SOURCE DATA Block Start

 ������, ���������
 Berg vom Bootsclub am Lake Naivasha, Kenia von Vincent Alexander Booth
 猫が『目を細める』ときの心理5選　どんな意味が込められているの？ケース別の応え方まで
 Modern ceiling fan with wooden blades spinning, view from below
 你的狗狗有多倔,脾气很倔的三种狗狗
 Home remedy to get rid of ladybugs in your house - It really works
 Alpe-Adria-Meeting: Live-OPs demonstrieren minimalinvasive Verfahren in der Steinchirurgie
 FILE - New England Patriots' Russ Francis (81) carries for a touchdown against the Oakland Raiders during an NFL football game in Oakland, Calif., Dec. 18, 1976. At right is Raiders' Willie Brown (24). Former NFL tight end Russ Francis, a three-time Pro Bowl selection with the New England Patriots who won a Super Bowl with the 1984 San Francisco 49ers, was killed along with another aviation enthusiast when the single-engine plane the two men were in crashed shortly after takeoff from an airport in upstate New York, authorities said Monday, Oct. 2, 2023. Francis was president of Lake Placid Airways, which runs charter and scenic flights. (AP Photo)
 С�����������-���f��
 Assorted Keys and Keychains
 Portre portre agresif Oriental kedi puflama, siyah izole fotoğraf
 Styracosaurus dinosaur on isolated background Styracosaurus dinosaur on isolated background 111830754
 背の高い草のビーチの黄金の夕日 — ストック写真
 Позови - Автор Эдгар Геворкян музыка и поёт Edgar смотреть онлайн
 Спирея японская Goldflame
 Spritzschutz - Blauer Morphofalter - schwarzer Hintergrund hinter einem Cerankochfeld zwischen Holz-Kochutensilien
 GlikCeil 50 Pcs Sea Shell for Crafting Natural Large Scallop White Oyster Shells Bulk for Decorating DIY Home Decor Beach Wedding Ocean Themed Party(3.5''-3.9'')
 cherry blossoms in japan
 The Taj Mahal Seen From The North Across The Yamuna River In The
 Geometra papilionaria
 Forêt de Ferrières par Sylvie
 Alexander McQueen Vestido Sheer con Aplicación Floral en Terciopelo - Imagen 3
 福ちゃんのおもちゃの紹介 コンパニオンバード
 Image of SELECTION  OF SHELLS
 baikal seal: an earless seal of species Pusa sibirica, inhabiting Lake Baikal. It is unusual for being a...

SOURCE DATA Block End

_WHAT THIS TASK INVOLVES_
Beginning with the line that contains "背の高い草のビーチの黄金の夕日 — ストック写真", retype every remaining line of the listing exactly, ending with the last one.

_WORKED SOLUTION_
 背の高い草のビーチの黄金の夕日 — ストック写真
 Позови - Автор Эдгар Геворкян музыка и поёт Edgar смотреть онлайн
 Спирея японская Goldflame
 Spritzschutz - Blauer Morphofalter - schwarzer Hintergrund hinter einem Cerankochfeld zwischen Holz-Kochutensilien
 GlikCeil 50 Pcs Sea Shell for Crafting Natural Large Scallop White Oyster Shells Bulk for Decorating DIY Home Decor Beach Wedding Ocean Themed Party(3.5''-3.9'')
 cherry blossoms in japan
 The Taj Mahal Seen From The North Across The Yamuna River In The
 Geometra papilionaria
 Forêt de Ferrières par Sylvie
 Alexander McQueen Vestido Sheer con Aplicación Floral en Terciopelo - Imagen 3
 福ちゃんのおもちゃの紹介 コンパニオンバード
 Image of SELECTION  OF SHELLS
 baikal seal: an earless seal of species Pusa sibirica, inhabiting Lake Baikal. It is unusual for being a...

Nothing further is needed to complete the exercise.